Regia: Tate Taylor – Cast: Emma Stone, Bryce Dallas Howard, Mike Vogel, Allison Janney, Chris Lowell, Anna Camp, Sissy Spacek, Viola Davis, Ahna O’Reilly, Jessica Chastain, Aunjanue Ellis, Dana Ivey, Octavia Spencer, Cicely Tyson, Brian Kerwin, Leslie Jordan, David Oyelowo, Wes Chatham, Roslyn Ruff, Shane McRae, Ritchie Montgomery, Tarra Riggs, Tiffany Brouwer, La Chanze, Carol Sutton – Genere: Drammatico, colore, 137 minuti – Produzione: USA, 2012 – Distribuzione: Walt Disney – Data di uscita: 20 gennaio 2012.

thehelp“The Help” è una storia di lotta al razzismo ma anche di affermazione dei propri diritti, e doveri, e di battaglia per la libertà sociale, dove il fattore razziale non conta solo per il colore della pelle ma anche per la lotta di classe fra i bianchi. Sul finire degli anni ‘50 quando le donne sono viste solo come angeli del focolare, la ventitreenne Skeeter (Emma Stone) frequenta l’Università e sogna di diventare un’affermata scrittrice e giornalista nella Grande Mela.

Le sue compagne d’infanzia, tutte accasate a buoni partiti e sfornatrici ufficiali di pargoli, vedono il suo approccio alla realtà, controcorrente e contro il sistema, come innaturale e poco consono alla vita di una ereditiera del Sud. Quando Skeeter comincia a collaborare con il giornale locale si affida, per curare la rubrica dei “Consigli per la casa” , all’aiuto delle “Help”, le cameriere di colore che aiutano le mogli del Missisipi a cucinare, far le faccende di casa e soprattutto a crescere i loro figli.

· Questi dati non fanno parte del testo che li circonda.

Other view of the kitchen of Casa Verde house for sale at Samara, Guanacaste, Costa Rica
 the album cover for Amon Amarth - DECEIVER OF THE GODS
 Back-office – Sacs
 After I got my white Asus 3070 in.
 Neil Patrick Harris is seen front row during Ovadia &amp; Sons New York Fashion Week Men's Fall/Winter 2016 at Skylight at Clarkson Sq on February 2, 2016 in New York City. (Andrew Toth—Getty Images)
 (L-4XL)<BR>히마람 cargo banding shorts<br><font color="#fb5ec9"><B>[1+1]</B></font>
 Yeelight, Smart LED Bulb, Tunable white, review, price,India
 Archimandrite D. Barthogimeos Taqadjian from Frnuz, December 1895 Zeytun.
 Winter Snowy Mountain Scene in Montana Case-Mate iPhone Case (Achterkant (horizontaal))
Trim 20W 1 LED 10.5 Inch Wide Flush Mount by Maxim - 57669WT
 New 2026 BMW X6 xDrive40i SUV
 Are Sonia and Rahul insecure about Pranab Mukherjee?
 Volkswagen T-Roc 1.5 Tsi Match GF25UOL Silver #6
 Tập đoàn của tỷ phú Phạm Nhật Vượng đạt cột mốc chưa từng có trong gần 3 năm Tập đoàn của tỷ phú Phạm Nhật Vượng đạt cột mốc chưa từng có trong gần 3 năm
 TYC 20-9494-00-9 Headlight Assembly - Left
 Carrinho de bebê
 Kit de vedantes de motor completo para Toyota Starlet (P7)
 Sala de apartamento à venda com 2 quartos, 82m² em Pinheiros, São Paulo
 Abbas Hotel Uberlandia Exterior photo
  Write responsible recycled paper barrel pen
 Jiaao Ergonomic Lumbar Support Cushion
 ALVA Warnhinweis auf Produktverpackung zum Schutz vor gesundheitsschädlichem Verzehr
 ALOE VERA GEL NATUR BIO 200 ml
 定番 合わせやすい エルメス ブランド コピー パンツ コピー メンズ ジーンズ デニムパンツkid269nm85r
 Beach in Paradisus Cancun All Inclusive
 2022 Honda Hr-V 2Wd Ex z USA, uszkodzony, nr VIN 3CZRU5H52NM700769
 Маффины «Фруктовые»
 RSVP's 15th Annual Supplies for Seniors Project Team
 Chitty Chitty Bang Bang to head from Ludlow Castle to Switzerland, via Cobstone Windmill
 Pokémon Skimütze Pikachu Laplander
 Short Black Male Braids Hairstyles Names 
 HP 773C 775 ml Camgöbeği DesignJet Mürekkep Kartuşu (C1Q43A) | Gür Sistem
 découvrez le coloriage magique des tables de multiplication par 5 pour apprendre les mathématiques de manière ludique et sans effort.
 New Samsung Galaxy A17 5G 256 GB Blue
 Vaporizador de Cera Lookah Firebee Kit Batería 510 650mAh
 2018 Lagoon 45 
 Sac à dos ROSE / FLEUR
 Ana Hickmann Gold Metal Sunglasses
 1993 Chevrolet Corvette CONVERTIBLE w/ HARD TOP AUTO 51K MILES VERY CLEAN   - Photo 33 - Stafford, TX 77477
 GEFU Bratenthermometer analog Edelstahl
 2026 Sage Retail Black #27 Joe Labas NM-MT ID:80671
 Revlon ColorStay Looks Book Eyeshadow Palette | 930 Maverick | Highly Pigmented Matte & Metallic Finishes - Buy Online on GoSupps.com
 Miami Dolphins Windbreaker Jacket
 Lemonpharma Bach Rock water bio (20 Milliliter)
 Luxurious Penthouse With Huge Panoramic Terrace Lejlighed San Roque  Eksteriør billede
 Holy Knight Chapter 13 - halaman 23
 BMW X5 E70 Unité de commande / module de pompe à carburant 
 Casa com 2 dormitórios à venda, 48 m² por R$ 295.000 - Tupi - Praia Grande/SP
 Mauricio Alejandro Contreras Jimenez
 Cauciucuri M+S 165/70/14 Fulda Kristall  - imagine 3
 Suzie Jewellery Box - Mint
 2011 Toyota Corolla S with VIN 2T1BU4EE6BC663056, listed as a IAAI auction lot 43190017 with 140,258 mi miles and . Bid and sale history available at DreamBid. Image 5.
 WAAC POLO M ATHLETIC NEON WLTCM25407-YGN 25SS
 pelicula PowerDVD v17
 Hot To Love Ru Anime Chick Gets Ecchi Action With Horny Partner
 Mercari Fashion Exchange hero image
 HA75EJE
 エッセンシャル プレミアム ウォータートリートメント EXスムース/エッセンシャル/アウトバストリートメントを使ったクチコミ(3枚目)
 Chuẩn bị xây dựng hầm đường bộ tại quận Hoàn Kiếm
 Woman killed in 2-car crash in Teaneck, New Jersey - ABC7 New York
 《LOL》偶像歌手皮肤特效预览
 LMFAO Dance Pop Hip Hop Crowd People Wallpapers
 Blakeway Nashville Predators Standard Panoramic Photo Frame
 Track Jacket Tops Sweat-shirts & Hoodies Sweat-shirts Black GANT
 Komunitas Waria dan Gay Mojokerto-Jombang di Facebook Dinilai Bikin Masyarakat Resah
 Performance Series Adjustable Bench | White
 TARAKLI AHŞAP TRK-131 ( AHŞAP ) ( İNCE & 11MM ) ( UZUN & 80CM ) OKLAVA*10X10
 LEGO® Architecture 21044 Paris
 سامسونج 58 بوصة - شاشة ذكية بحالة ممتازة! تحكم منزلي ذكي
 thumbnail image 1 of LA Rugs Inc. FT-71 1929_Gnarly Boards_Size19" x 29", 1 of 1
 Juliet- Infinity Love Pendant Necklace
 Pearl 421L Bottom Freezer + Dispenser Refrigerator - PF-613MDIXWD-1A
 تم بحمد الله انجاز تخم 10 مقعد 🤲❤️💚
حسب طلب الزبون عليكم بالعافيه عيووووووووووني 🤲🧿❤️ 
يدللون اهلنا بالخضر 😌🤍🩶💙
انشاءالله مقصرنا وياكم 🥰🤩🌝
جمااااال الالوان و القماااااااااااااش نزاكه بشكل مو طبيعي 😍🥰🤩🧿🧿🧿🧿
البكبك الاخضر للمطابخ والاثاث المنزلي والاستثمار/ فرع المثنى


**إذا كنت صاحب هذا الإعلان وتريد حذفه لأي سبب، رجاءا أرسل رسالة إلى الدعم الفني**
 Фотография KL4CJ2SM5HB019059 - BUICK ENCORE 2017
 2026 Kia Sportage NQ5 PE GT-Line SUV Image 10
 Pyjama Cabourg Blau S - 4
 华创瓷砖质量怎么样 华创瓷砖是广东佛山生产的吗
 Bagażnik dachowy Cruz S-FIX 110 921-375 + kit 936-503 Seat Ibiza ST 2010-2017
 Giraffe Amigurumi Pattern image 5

Decisa a raccontare la loro storia in un libro, per un rivoluzionario punto di vista, convince due di esse (Viola Davis) a parlare dei soprusi e le frustrazioni che da anni devono sopportare nelle case delle famiglie altolocate come in quella in cui comanda Bryce Dallas Howard. La rivoluzione nasce anche da questo, dalla voglia di non far tacere la propria voce e di ribellarsi al sistema ogni giorno, con forza e costanza.

Un cast stellare, un’interpretazione corale che ha valso al film ben quattro nomination ai Golden Globes, per una tematica difficile da affrontare, anche a distanza di tempo (nonostante la segregazione sia un lontano ricordo) in una nazione patria delle controversie razziali.

Una pellicola che alterna, con sapienza, momenti seri a episodi divertenti, che non lascia vuoti ma riempie il cuore senza banalizzare o drammatizzare la narrazione.

Degne di nota le interpretazioni delle due help, Viola Davis e Octavia Spencer, di Bryce Dallas Howard, che si cala alla perfezione nella parte dell’acida, cinica e spietata e maniaca del controllo, e di Jessica Chastain, una esuberante novella sposa, non accettata nel gruppo capitanato dalla Howard per la sua scarsa omologazione al sistema sociale, che nasconde le sue sofferenze nella gioia di vivere.